2. The design and construction method of the surface photovoltaic anchoring system suitable for large-amplitude and high-flow-rate water areas, which is characterized by comprising the following steps of: in the step 8), the distance between the two steel brackets (8) respectively connected with the two free ends of the anchor rope (7) is determined according to the included angle theta of the anchor rope (7).

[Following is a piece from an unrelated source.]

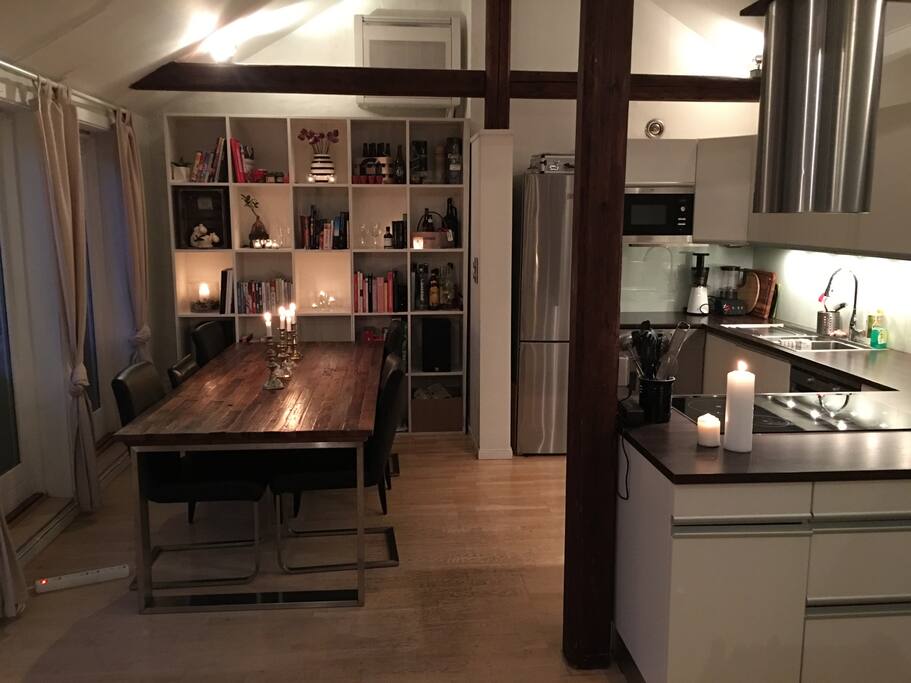Open kitchen- livingroom area. Perfect for a cozy dinner :-)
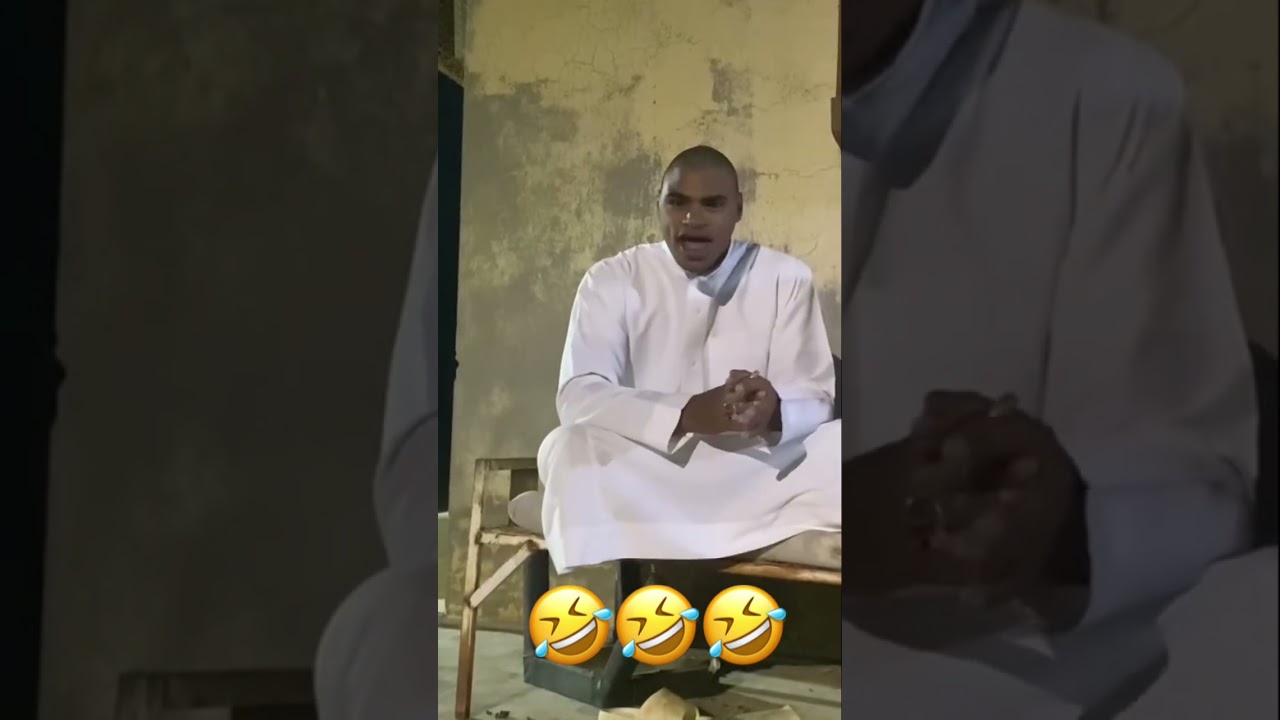 قبل رمضان 🌙 يمزح مع شباب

3. The design and construction method of the surface photovoltaic anchoring system suitable for large-amplitude and high-flow-rate water areas, which is characterized by comprising the following steps of: spacing pulley assembly (5) are including floating support (9), spacing pulley (10) and connection pulley (11), float support (9) for setting up in the frame construction of tubular pile (2) periphery, spacing pulley (10) have at the gliding gyro wheel of tubular pile (2) surface, and gyro wheel and the inboard fixed connection who floats support (9), connection pulley (11) are through fixed connection piece (13) and float the outside fixed connection who supports (9), connection pulley (11) are walked around to anchor rope (7) and are connected with two steel brackets (8).
4. The design and construction method of the surface photovoltaic anchoring system suitable for large-amplitude and high-flow-rate water areas, which is characterized by comprising the following steps of: the photovoltaic array (1) is characterized in that a plurality of tubular piles (2) are uniformly distributed along four corners of the periphery of the diagonal direction, and the number n of the tubular piles is more than or equal to 1 and less than or equal to 5.
5. The design and construction method of the surface photovoltaic anchoring system suitable for large-amplitude and high-flow-rate water areas, which is characterized in that: the floating support (9) is of a frame structure with a closed geometric shape, and the characteristic length of the floating support (9) is 3% -40% greater than the diameter of the tubular pile (2).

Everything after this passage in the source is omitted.